FCMS differs from SCMS by assigning multiple size classes to compressed blocks, rather than only having two (i.e., uncompressed, and half-sized). Compressed block sizes are assigned with different “size buckets”. The paper proposes using 16 buckets, meaning that for 64-byte cache blocks (the paper seems to suggest using 128-byte blocks, but it does not affect our discussion), compressed blocks between size 4i and (4i + 3) will be assigned to bucket i. Cache metadata is also organized such that compressed blocks can occupy a variable number of data buckets in the data array, allowing a more flexible management of cached data.

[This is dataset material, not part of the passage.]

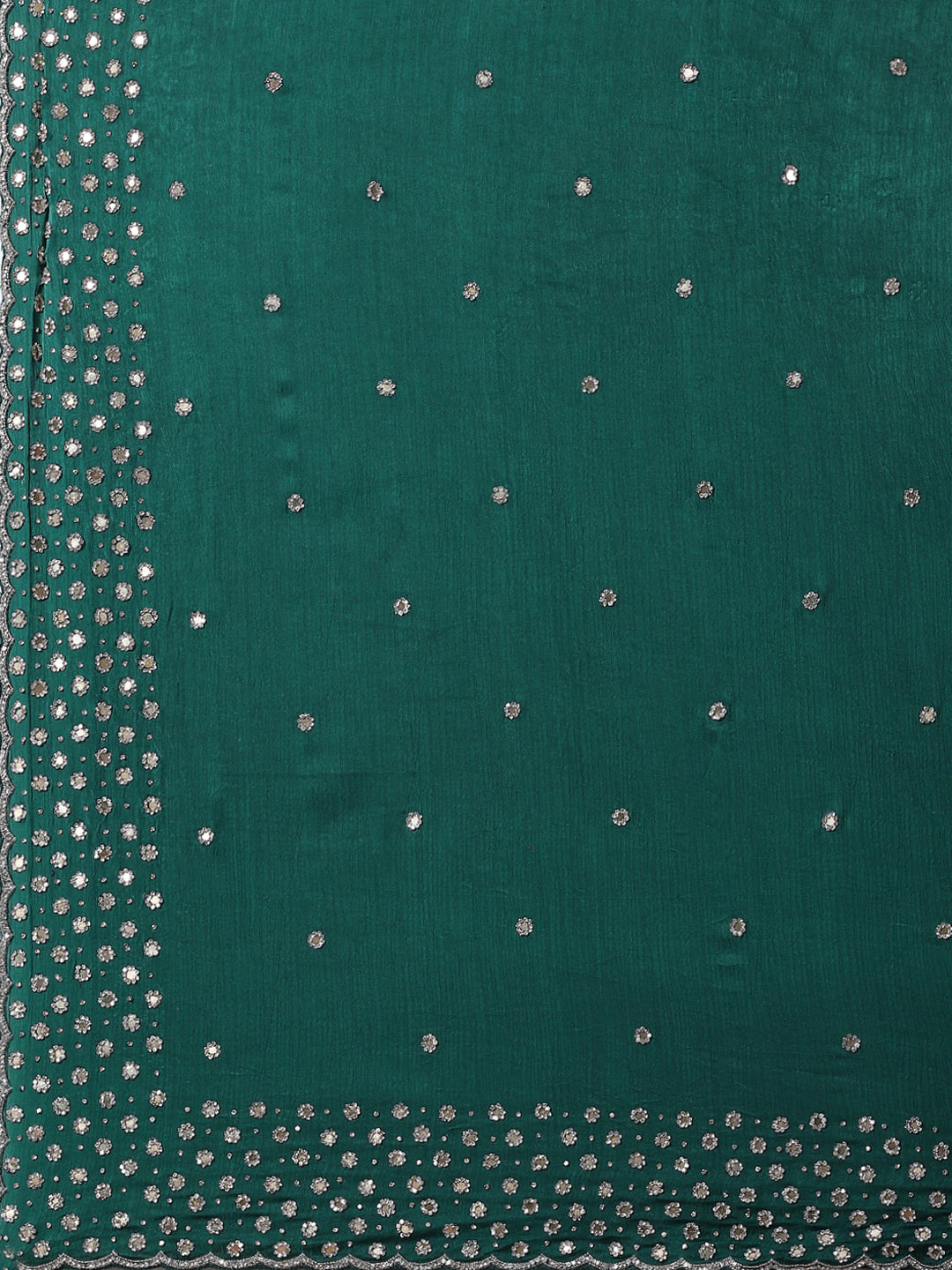 Stone Booti Pure Satin Embroided Saree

FCMS is based on SCMS. SCMS is a unified compressed LLC and memory design, in which blocks are transferred between the LLC and the DRAM in compressed form on block fetch and eviction. SCMS only attempts to compress adjacent even-odd blocks individually, and store them in the same 64-byte data slot. On the LLC side, SCMS manages compressed entries as super-blocks of size two, meaning that a tag entry stores the tag of the even numbered block, plus an extra bit to indicate whether the odd numbered block is also present in compressed form. Metadata such as dirty bits, and coherence states are duplicated on each tag entry as if there were two logical blocks per entry (replacement entries are not duplicated, though, as both blocks in the tag are always evicted together).

SCMS also skews the index generation function of blocks, such that block 2i and (2i + 1) can be stored in both sets computed from address 2i and (2i + 1) (these two sets are adjacent if the index generation function just uses lowest few bits of the block address). On a cache lookup, both sets need to be probed. This essentially doubles the associativity of SCMS cache.

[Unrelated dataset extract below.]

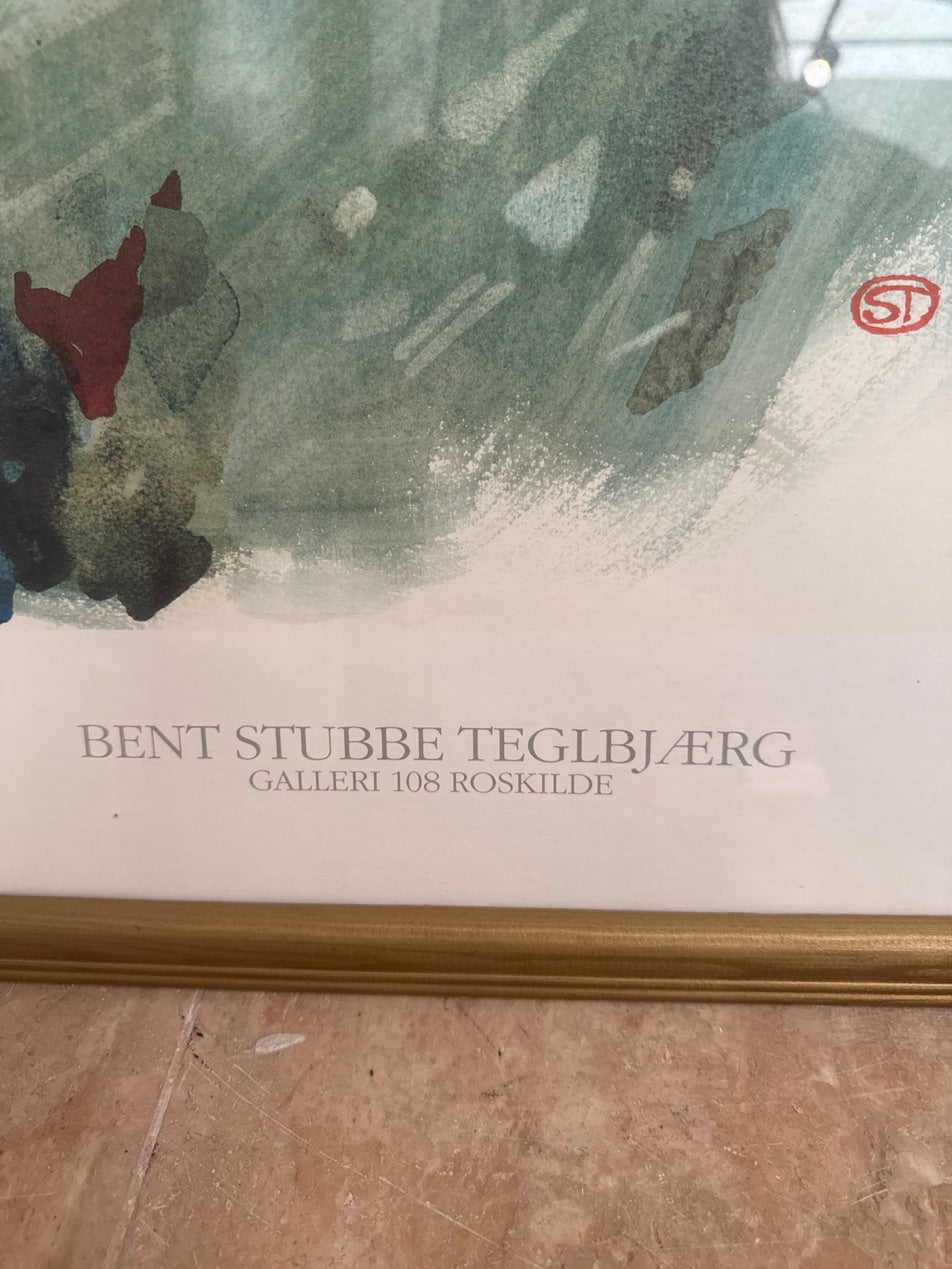 Maleri "Bent Stubbe Teglbjærg"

SCMS manages uncompressed and compressed blocks on DRAM in the granularity of pages. Two size classes are supported, namely full sized pages and half sized pages. In half sized pages, all even-odd pairs are stored in compressed form. In full sized pages, some blocks are stored in uncompressed form. Both uncompressed blocks and compressed pairs are aligned to 64-byte boundaries for easy index generation. A bit vector in the page table entries for full-sized pages describes the data layout of the page, which is used to compute block offsets on an access request. The OS maintains a pool of both size classes, and is responsible for allocating pages, performing data migration on size class change, and maintaining page table entries.

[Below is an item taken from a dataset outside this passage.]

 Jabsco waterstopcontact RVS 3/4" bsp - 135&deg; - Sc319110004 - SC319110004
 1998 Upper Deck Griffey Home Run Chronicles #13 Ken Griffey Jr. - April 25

FCMS uses a different cache and DRAM page organization. On the cache side, FCMS adopts the super-block based index generation for less metadata bits dedicated to address tags. Each entry only has one address tag, but three super-block offsets tags that encode three arbitrary addresses within the super-block. The super-block size is 16, meaning that 16 aligned and consecutive blocks on the physical address space are mapped to the same set. Given a block address, the index generation function selects the middle few bits as the set index, while outputting the higher bits as the tag, and the lower four bits as the offset. Both tag and offset are compared against the requested address on lookup operations. Per-block metadata states are duplicated three times, such that each tag entry encodes at most three logical blocks. FCMS does not use skewed index generation.

FCMS does not decouple data slots from tag entries, indicating that there is still one-to-one correspondence between tag entries and the data store for addresses encoded by the entry. Data slots are segmented into buckets for storing variable sized compressed blocks. Blocks must be stored in consecutive buckets, and all blocks in the same tag entry are stored compactly, i.e., there must be no external fragmentation, and in a pre-determined order. The latter property simplifies size computation, since the size of a compressed block in the unit of buckets can be derived by subtracting the current offset from the offset of the next block in the pre-determined order. The tag entry contains offset fields that stores the starting bucket of each compressed block.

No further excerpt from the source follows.